Medical fraternity is upset with ruling dispensation

Namrata Devikar
Saturday, 12 May 2018

In the wake of unrest in the medical fraternity due to tabling of the National Medical Commission (NMC) Bill in Parliament and the recent remarks made by Prime Minister Narendra Modi in London on the alleged nexus between doctors and pharmaceutical companies, doctors across the country are disappointed. 

The question is whether this unrest among doctors will result in the Bharatiya Janata Party (BJP) losing a huge chunk of votes in the Lok Sabha elections in 2019.

In the wake of unrest in the medical fraternity due to tabling of the National Medical Commission (NMC) Bill in Parliament and the recent remarks made by Prime Minister Narendra Modi in London on the alleged nexus between doctors and pharmaceutical companies, doctors across the country are disappointed. 

The question is whether this unrest among doctors will result in the Bharatiya Janata Party (BJP) losing a huge chunk of votes in the Lok Sabha elections in 2019.

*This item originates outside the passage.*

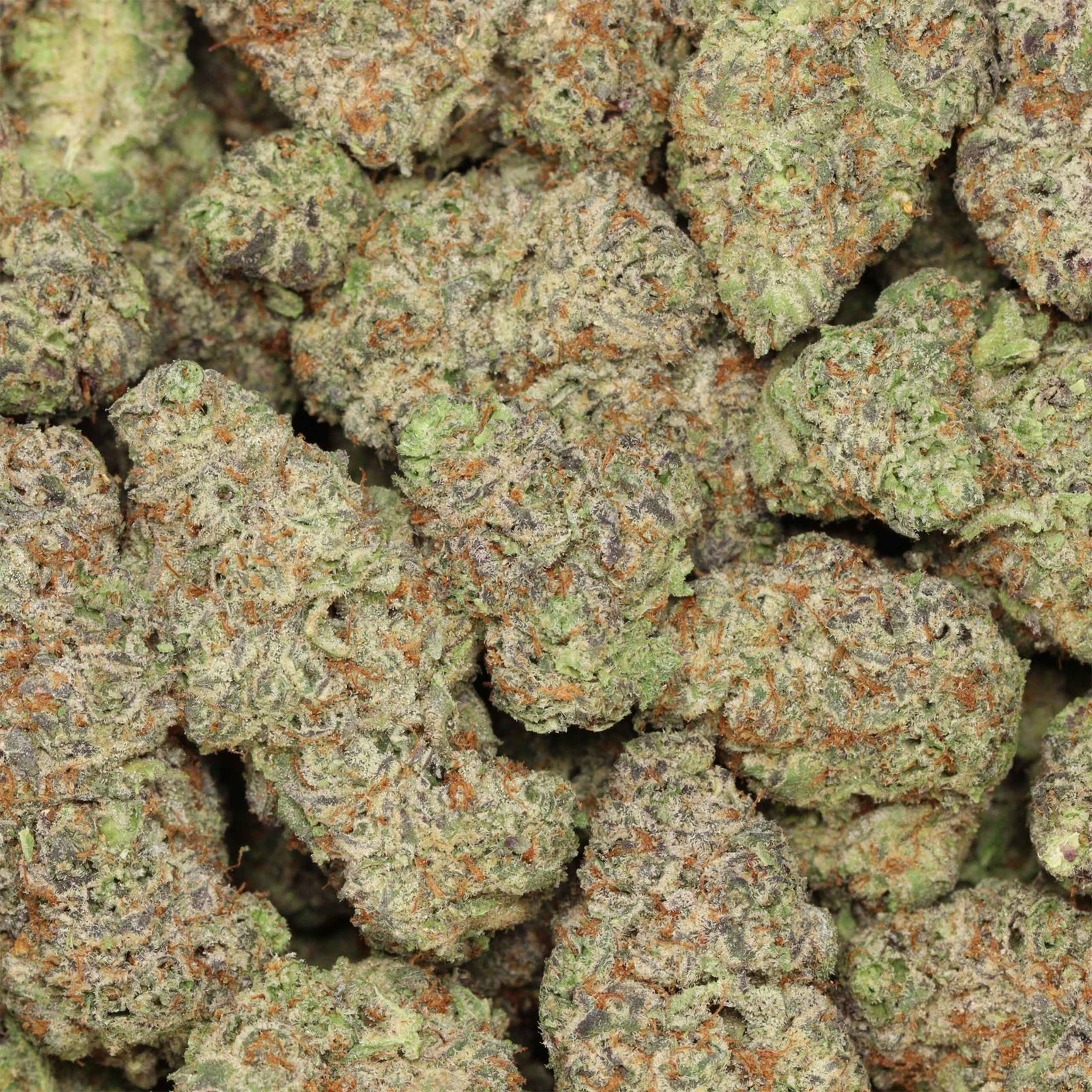 Grape Gasoline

Most of the doctors have supported the BJP so far, as they believed that the country needed a new, stronger and honest leadership for a better and a bright future. However, in the last one year, poor policymaking by the Centre has left the medical fraternity and those who aspire to be a part of it sceptical about bringing the party in power again in 2019.

Speaking to Sakal Times, Dr Nitin Bhagali, from the Pune Citizens Doctors Forum said most of the doctors might now vote for ‘None of the above’, popularly known as NOTA.

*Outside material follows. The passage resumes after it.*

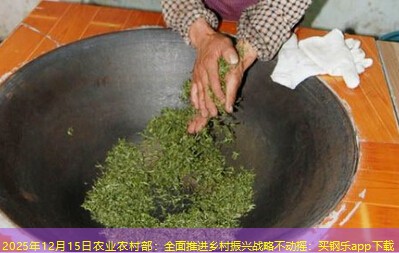 2025年12月15日农业农村部：全面推进乡村振兴战略不动摇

“The doctors have suffered a lot. With the recent remarks made by the prime minister in London, the image of the medical fraternity in the eye of the common man is now tainted. Sadly, it was made by the Prime Minister himself in the United Kingdom (UK), where the public healthcare system is run by Indian doctors,” said Dr Bhagali.

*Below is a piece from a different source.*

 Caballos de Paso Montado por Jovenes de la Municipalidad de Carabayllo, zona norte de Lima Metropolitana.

He added that the PM seems to be in favour of Ayurveda and Homeopathy. “The bridge course proposed in the NMC Bill will hamper the overall quality of healthcare given to the people. A doctor from Ayurveda and Homeopathy will be able to easily learn allopathy, otherwise for which one normally spends more than four years,” said Dr Bhagali.

He hinted that these decisions have left the medical fraternity upset with the current government, which will play a major role in the 2019 Lok Sabha elections.

Echoing similar sentiments, Dr Parthiv Sanghvi, Maharashtra State Secretary for Indian Medical Association (IMA), said the health budget allocation under the ruling government has remained the same.

“The Union health budget has not allocated more funds to the sector. This also reflects the hesitation shown by the government in strengthening the public health infrastructure. Doctors in the government sector are also unhappy, as they cannot work without proper infrastructure, which all governments have failed to provide,” said Sanghvi. 

He said the NMC Bill aims at making medical education more expensive. “In that case, more and more students would choose to work with a private facility as the pay scale is better there. This will add to the shortage of doctors and force patients to choose private hospitals for treatment. This will increase the out-of-pocket expenditure of patients,” said Dr Sanghvi.

The future of medicine, medical aspirants are facing trouble as the government intends to bring the NMC bill and letting private colleges regulate fees making the medical education too expensive. The ruling government has faced protests by the IMA across the country. In addition to this, the remarks made by the PM have left a feeling of anguish among doctors. If the BJP aims to please this vote bank for 2019, it has to do a major course correction while drafting and implementing its policies.